Wednesday, November 12, 2014

12,090 AD

sometimes i think it is the year 12,090 AD.  ever since i was very young this number has always been specific for me and the reason is actually kind of funny.  i was (and still am) a huge anime fan and among my favorites is the film Vampire Hunter D which takes place in the year 12,090 AD.  i remember hearing that number for the first time and thinking how strange it was that little has changed in some ten thousand years from the time of my own existence.  still it rocks my mind that i have come so far in thirty two short years on earth and sometimes i can't help but wonder what will come next for me.

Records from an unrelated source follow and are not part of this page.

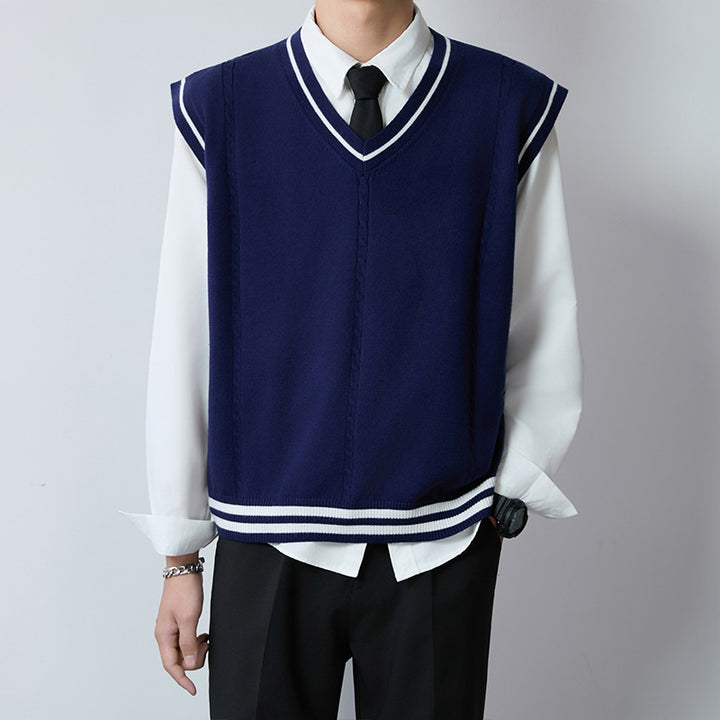 Herren Eleganter V-Ausschnitt Strickpullover mit Knopfleiste Echoarchiv
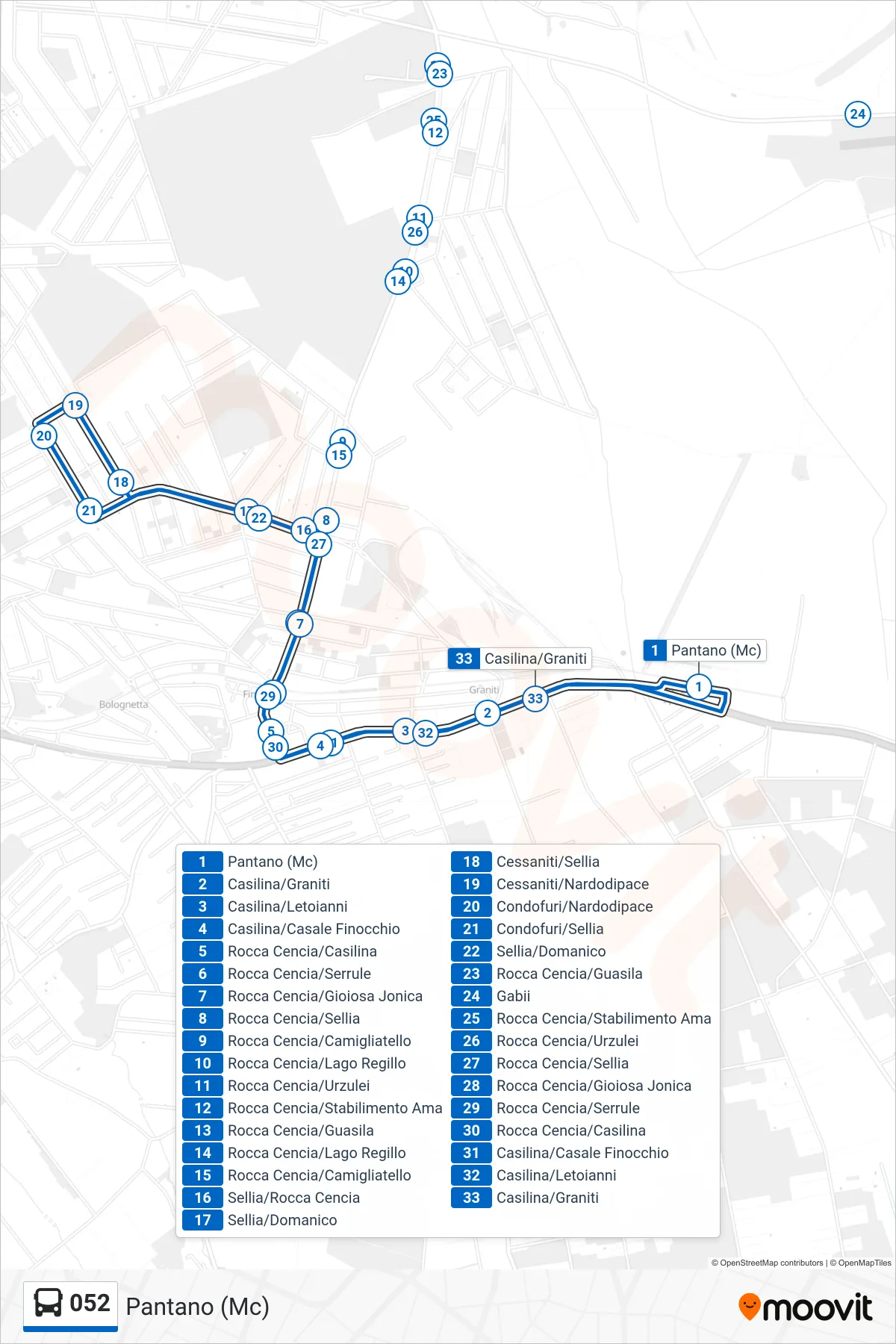 Linea 052  bus (Pantano (Mc)) - Percorsi e fermate sulla mappa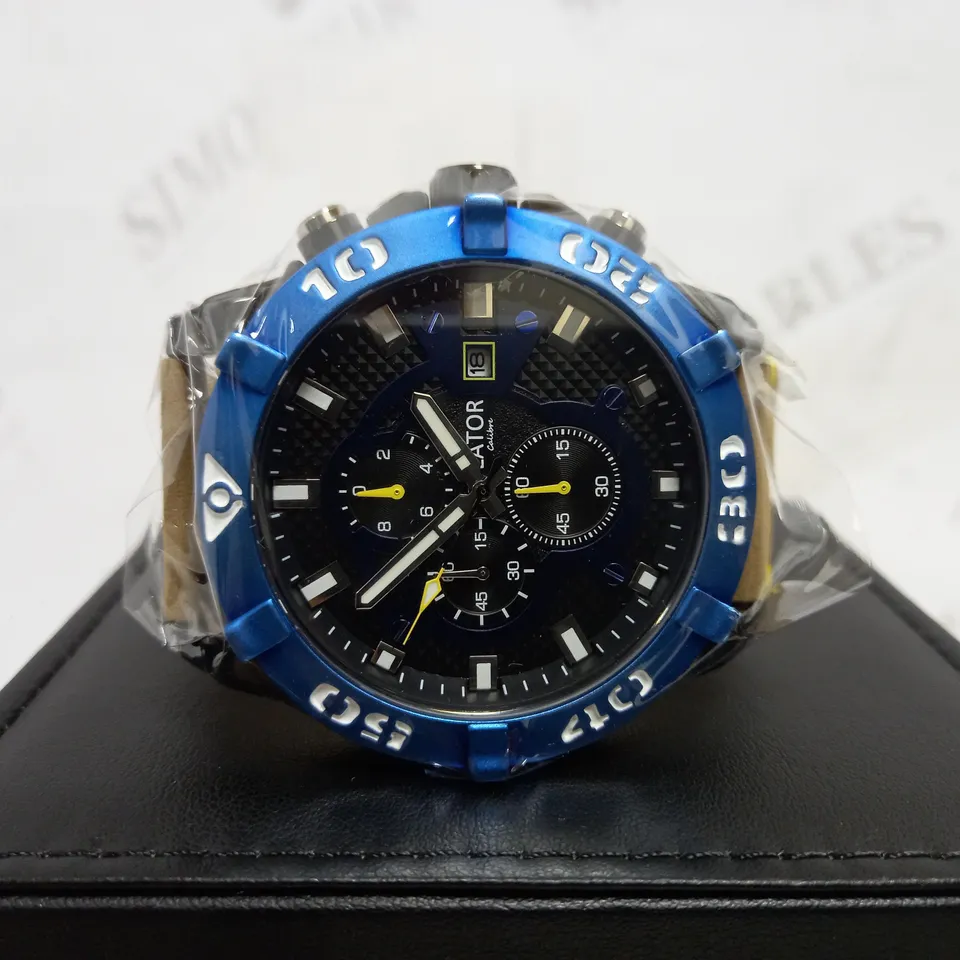 LATOR CALIBRE BLUE & YELLOW DIAL LEATHER STRAP WATCH RRP £635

if you live for thirty two years chances are that you will see the coming and unfortunately the passing of people you are close to.  this seems to be the age when life kicks into full gear.  the friends who have had babies now have young people in their houses who can speak and retain information as good as you or i.  somethings worked out for the better and some did not.  some people went on to prosper and sadly a small few have ended their lives before they had a chance to blossom.

so sometimes i think, 'why me?'.  why did i become the one who ran away?  i think the answer for that lies in my imagination that never went away with adulthood.  in my head it is the year 12,090 AD and i'm a vampire hunter.  i'm the well-drawn picture of a single anime frame with the pause button pressed while a seven year old version of myself draws everything on the screen.  i'm the cover of a 1980's video game whose graphics are better in the cover art than in the actual game.  i spent years telling everybody that i was going to run away and eventually that is exactly what i did.

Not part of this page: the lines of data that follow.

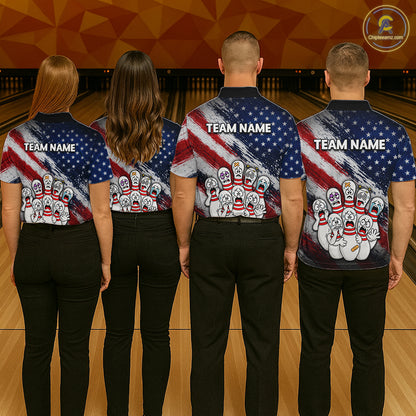 Four people standing in a bowling alley, viewed from behind, wearing matching custom bowling shirts with a patriotic American flag design, bowling pins, and placeholder text 'TEAM NAME'.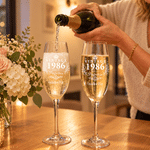 Personalized Vintage Year Champagne Glass with Name Age and Coaster Birthday Anniversary Christmas Gift for Woman Sister Mom Grandma 3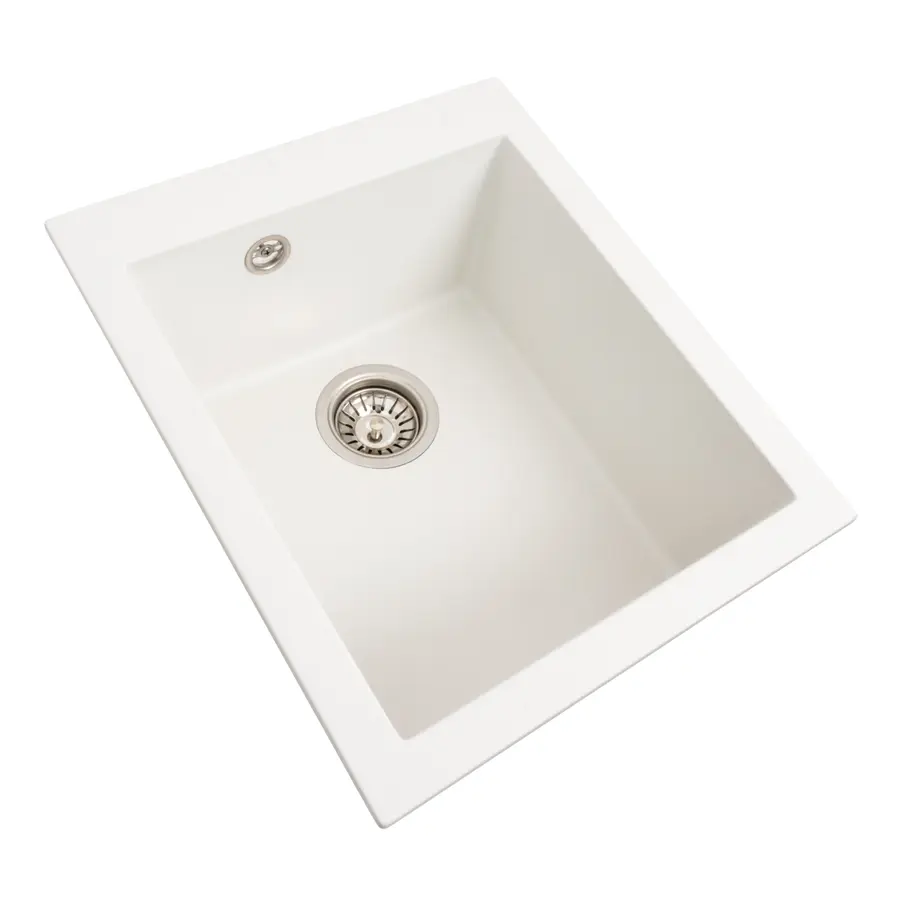 Гранитная мойка для кухни Platinum 4150 SOKIL матовая (белоснежная)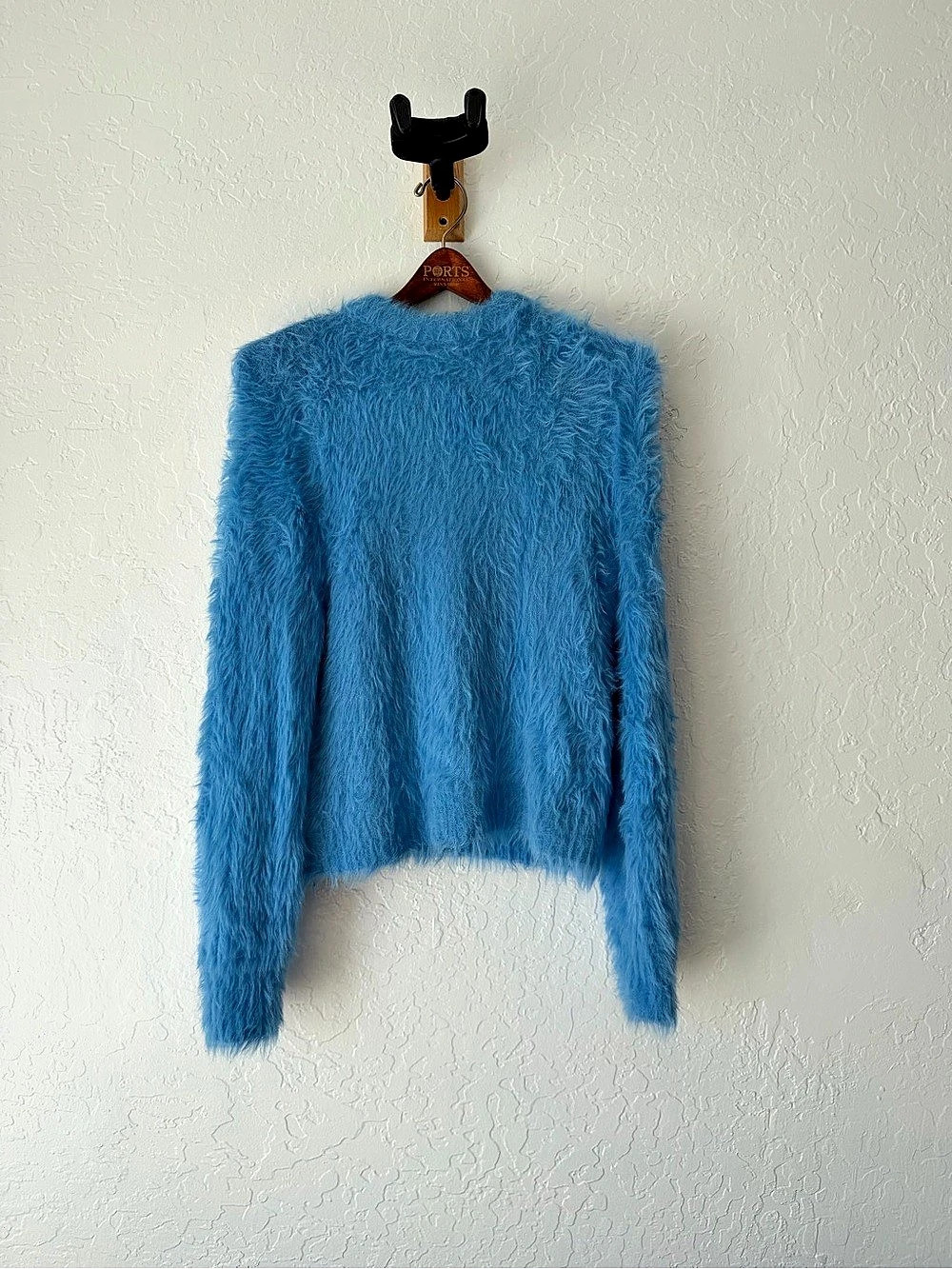 Future Collective Fuzzy Crew Neck Sweater in Blue Size Large Like New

now i want to think about the future.  i want to think about death, aging and the crippling illnesses which flip like a coin of fate to all of us.  the buddha was exposed to the same three things and the shock of life's inevitable outcome drove him to some six years of soul searching until one day he realized that it is our own desire which causes such suffering.  we can learn a lot from the buddha and as a side note i have made it one of my life goals to not let his teachings be forgotten.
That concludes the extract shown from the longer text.